To be lactose-intolerant in the summertime used to mean skipping the dessert highlight of the season: ice cream. Thanks to inventive chefs, however, dairy-free ice cream recipes have proliferated in recent years. Now everyone can come to the ice cream social as long as it includes a tub full of one of these alternatives.
The easiest ways to satisfy a dairy-free ice cream craving is by pureeing frozen bananas. You can puree the bananas alone, or add a spoonful of cocoa powder, peanut butter, or Nutella to flavor the mixture. The ice cream will be ready to eat as is, but can be enhanced by a variety of mix-ins, including nuts, toasted coconut, chocolate chips, and cooked sweetened berries.
Mexican food expert Rick Bayless has a recipe for avocado ice cream that is almost as simple, and a great end to a spicy barbecue. Just puree avocados, water, sugar, lime juice and tequila in a food processor and freeze in an ice-cream maker. The tequila prevents the ice cream from forming ice crystals, keeping it smooth.
Another option is ice cream made with raw cashew nuts. The basic recipe involves soaking the nuts overnight to plump them up, and then pureeing them with either soy milk or almond milk and a liquid sweetener such as honey or corn syrup. Because raw cashews have a neutral flavor, cashew-based ice cream can be flavored any way you like. Add cocoa powder, espresso powder, sweetened cooked strawberries, mint extract and chocolate chips, rum extract and raisins plumped up with rum. Or use maple syrup as your sweetener and add maple extract and chopped toasted walnuts.
My favorite dairy-free ice cream is made with coconut milk. Not only do I like the flavor of coconut, but I love the creamy consistency that you get with the full-fat version (avoid light coconut milk, which will produce a less lavish, more icy product). When you open a can of coconut milk, you will immediately notice the strict separation of the fat from the liquid. To prevent this separation from occurring in your ice cream, blend the mixture to emulsify before freezing it. A little bit of cornstarch further improves and stabilizes the texture. The alcohol in the vanilla blocks ice crystals from forming.
Making ice cream takes just a few minutes of hands-on work, but does require some planning. I use an inexpensive electric ice-cream machine with an insert that must sit in the freezer for at least 6 hours before it is ready to churn ice cream. But even if you have a more expensive model that has a built-in compressor, you must still give your ice cream base time to chill for 4 hours in the refrigerator before use. In addition, it will need a couple of hours for it to firm up in the freezer after churning.
COCONUT CHIP ICE CREAM
For a more intense coconut flavor, add 1⁄4 teaspoon coconut extract along with the vanilla. For chocolate ice cream, whisk in 1⁄2 cup plus 2 tablespoons unsweetened cocoa powder with the corn syrup. For strawberry ice cream, puree 2 cups of stemmed strawberries in the blender before adding the coconut milk mixture.

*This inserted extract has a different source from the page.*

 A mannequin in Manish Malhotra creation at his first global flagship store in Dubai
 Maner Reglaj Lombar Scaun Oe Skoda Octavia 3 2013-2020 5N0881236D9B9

2 (14-ounce) cans full-fat coconut milk, divided
2 tablespoons cornstarch
3⁄4 cup corn syrup
1⁄4 teaspoon salt
2 teaspoons pure vanilla extract
4 ounces bittersweet chocolate (dairy-free if desired), chopped
1. In a small bowl, whisk together 1⁄4 cup of coconut milk liquid and the cornstarch. In a medium saucepan, whisk together the remaining coconut milk, corn syrup and salt until well combined. Cook over medium heat, stirring frequently, until mixture comes to a simmer. Whisk in the cornstarch slurry and continue to cook, stirring, until the mixture is slightly thickened, about 5 minutes. Do not let it come to a boil.
2. Transfer the mixture to blender, cover very tightly, and blend for 30 seconds. Pour into a bowl and refrigerate until chilled, at least 4 hours and up to 1 day.
3. Whisk the vanilla extract into the mixture. Transfer to an ice-cream maker and churn according to manufacture’s instructions. Fold in the chocolate. Scrape into an airtight container and freeze until firm enough to scoop, about 3 hours, before serving. Makes 1 quart ice cream.